◆ **Source records**
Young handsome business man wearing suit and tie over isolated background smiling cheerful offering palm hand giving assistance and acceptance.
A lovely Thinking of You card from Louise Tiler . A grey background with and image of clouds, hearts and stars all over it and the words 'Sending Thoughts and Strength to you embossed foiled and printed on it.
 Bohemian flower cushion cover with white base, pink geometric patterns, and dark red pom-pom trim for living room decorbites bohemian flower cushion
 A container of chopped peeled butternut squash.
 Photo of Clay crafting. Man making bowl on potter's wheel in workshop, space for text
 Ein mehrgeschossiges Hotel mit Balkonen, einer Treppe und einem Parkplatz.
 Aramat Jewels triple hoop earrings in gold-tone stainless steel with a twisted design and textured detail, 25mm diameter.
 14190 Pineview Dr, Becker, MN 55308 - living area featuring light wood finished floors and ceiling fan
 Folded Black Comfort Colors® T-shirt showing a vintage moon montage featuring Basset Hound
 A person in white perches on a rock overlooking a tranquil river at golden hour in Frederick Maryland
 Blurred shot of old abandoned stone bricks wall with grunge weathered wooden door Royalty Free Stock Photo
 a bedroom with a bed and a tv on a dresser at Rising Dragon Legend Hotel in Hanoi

◆ **Problem description**
An exact copy is needed of the lines from the one containing "Aramat Jewels triple" through the end of the records.

◆ **Solution for this problem**
 Aramat Jewels triple hoop earrings in gold-tone stainless steel with a twisted design and textured detail, 25mm diameter.
 14190 Pineview Dr, Becker, MN 55308 - living area featuring light wood finished floors and ceiling fan
 Folded Black Comfort Colors® T-shirt showing a vintage moon montage featuring Basset Hound
 A person in white perches on a rock overlooking a tranquil river at golden hour in Frederick Maryland
 Blurred shot of old abandoned stone bricks wall with grunge weathered wooden door Royalty Free Stock Photo
 a bedroom with a bed and a tv on a dresser at Rising Dragon Legend Hotel in Hanoi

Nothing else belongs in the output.